Regression analysis output, as seen in Fig. 5.6, is produced. The title for the regression results table includes the information of the predicted variable that is called the dependent variable, which here is numeracy; predictor or explanatory variables that are called the independent variables, which here are age, education level, and employment status; and the reference groups for the explanatory variables called the contrast coding reference groups, which are the categories for each variable to which all other categories of the variable are compared, which here are the 24 or less age group, those with education ISCED 2 and below, and the Employed.

Fig. 5.6
figure 6

Regression analysis output from Scenario 4 (Source: National Center for Education Statistics (NCES) PIAAC International Data Explorer)

To review how much explanatory power the variables have on numeracy scores or our outcome variable, one should look under R Squared in the top portion of the results. The R-squared value here is 0.27, which means that 27 percent of the variation in the numeracy scores are accounted for by the independent variables in our model.

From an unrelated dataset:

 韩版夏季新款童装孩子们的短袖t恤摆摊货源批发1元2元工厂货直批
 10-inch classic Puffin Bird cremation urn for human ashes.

In the lower portion of the table, one can find the regression coefficients for the variables. This includes the standardised and unstandardised regression coefficients, along with their standard errors. The standardised regression coefficients are standardised against the independent variables’ mean and standard deviation, which is done to allow comparison of the units across the variables. Using the standardised coefficient, one can answer the question of which of the categories have a stronger or weaker relationship with the outcome variable (or numeracy). For example, looking at Unemployed, which has a standardised regression coefficient of −0.07, and comparing that to the standardised coefficient for the age groups (ranging from −0.08 to −0.16), indicates that age has a stronger relationship with the dependent variable, or numeracy, than being unemployed. In order to interpret the results within each of the variables, look at the unstandardised regression coefficients, labelled here as just regression coefficients. So, for example, the unstandardised regression coefficient for Unemployed is −17, meaning that those who are unemployed scored 17 points lower in numeracy than those who were employed, holding other explanatory variables included here constant. Moving to the right of the table, the t-statistic is −7, and the probability is 0, which is less than the significance threshold of probability less than 0.05. This means that the independent variable, being employed, is significantly associated with changes in the dependent variable, numeracy score. This statistical significance is also marked in the significance column, with a less-than (<) symbol. So, controlling for the two other explanatory variables (age and education level) in our regression, numeracy scores for those who are unemployed are lower than for those who are employed.

5.6 Summary

PIAAC is a complex large-scale study with the major components of a direct assessment of three domains and an extensive background questionnaire. The IDE is a user-friendly online tool that allows users to conduct different types of analyses, from basic statistical analyses to some more advanced analyses, such as regression and gap analysis, using PIAAC data; it is available in two different versions through the OECD and NCES in the United States. The IDE contains data on the PIAAC direct assessment and background questionnaire from jurisdictions that participated in PIAAC, as well as trend data from previous large-scale assessments that were rescaled to PIAAC. It can be used to conduct analyses of averages, percentages (including proficiency level distributions), standard deviations, and percentiles,and to produce significance testing, gap analysis, and regression analysis (depending on the version). Analysis in the IDE follows the basic steps organised under the four main tabs: 1. Select Criteria, 2. Select Variables, 3. Edit Reports, and 4. Build Reports. The example research scenarios provide an overview of these basic steps and how to answer research questions using the IDE.